Manel Àlvarez was born in Sant Feliu de Codnes (Barcelona, Spain) in 1945.  He studied art in the San Juan Bosco school in Barcelona and under the guidance of his teacher, Juan Puigdollers, he began sculpting religious figures in wood.  He continued to make sculpture after finishing the program and also worked as an industrial and interior designer.  His success in these ventures afforded him the time and money to dedicate himself entirely to the vocation of sculpture.  

On a scholarship from the Pagani Foundation in Milan, he went to Carrara, Italy where he began working in marble for the first time. Working with marble and the daily contact with sculptors of differing levels of experience, combined to gradually transform his work; there was a simplification from the neoclassical to a more personal style, synthesising human and organic forms. 

Manel spent 14 years working in Italy and exhibiting in different countries throughout Europe including France, Belgium, Switzerland, Germany, Luxembourg, Italy and Spain as well as Iran, Mexico, Brazil and the  United States.  Since 1993, he has had a permanent studio in a 13th century former mint in Barcelona, but he travels the world both for inspiration and to install various site-specific sculptures.  While in Atlanta in 1996, working on the pieces he was making for the Olympic Games, Alvarez was invited to visit Emory University and was shown a magnificent collection of African art which someone had donated to the University.  Shortly after, he spent a few days in New York and visited the Metropolitan Museum of Art which was also exhibiting a collection of African art. He was overcome emotionally by the pieces and that same night began working on what would be his future “Africa” series.  He says:  “I did not want to copy African art, nor to invent an art about Africa.  I just wanted to transmit what that African art meant to me.”

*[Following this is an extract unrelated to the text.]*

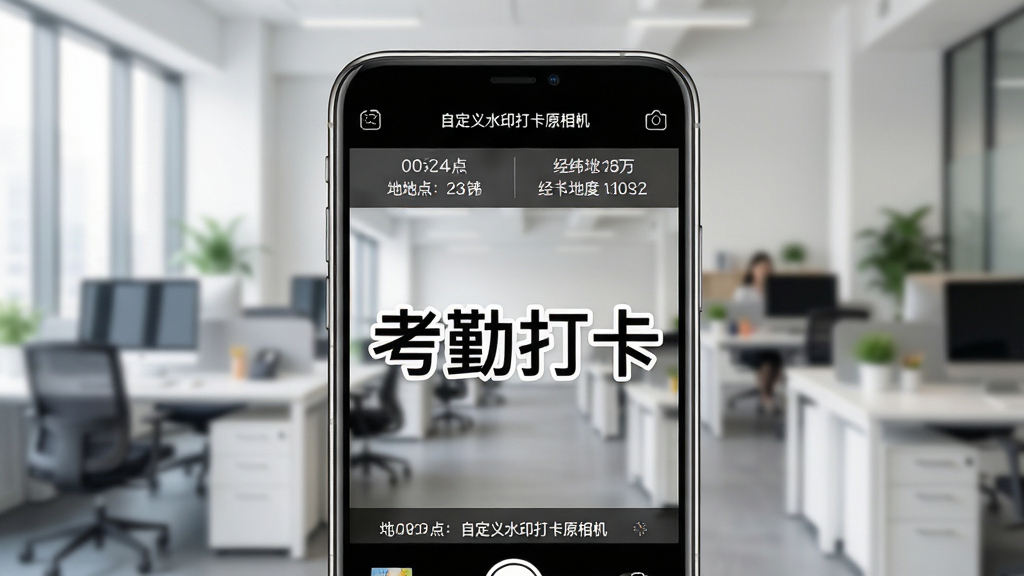 主体:一部智能手机屏幕正显示“自定义水印打卡原相机”的拍照界面,界面中央有醒目的“考勤打卡”字样水印。布局:手机位于画面中央偏下,四周留白,背景为虚化的现代办公室环境。排版:手机屏幕内清晰展示时间、地点、经纬度等水印信息栏,布局规整。风格:写实风格,光线明亮,画质细腻。细节:水印文字清晰可读,手机边缘有金属光泽。画质:高清,干净,无多余元素。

It is very difficult for Manel to define or to classify the style of his work .  When pushed, he defines his work as synthesis- essence;  two words which are very similar yet complementary.  Manel has always focused as a sculptor on two objectives.  The first was to achieve a sense of weightlessness in his pieces through the use of line.  The lines define the volumes and create the rhythm which gives the pieces (which are actually quite heavy) the  sensation of being weightless, or defying gravity.  The second objective was to capture the essence or the energy of what the work was trying to represent instead of simply making an interpretation of form.  Through his method of abstraction and use of lines he seeks to give birth to the spirit, the soul of the object.   The form, although simplified, is evident through the energy/soul of the work. 

Although the pureness of the line in his sculpture shows the influence of Brancusi and Arp, Alvarez’s sculpture is both unique and personal.  He has found inspiration in many themes and places:  bullfighting, Africa, birds, and his current series ‘The Old Testament.’  What ties them together is his search for the essence of the subject, his corresponding use of material: wood, marble, granite, iron, and basalt, and the stimulating contrast and tension between opposing shapes and materials.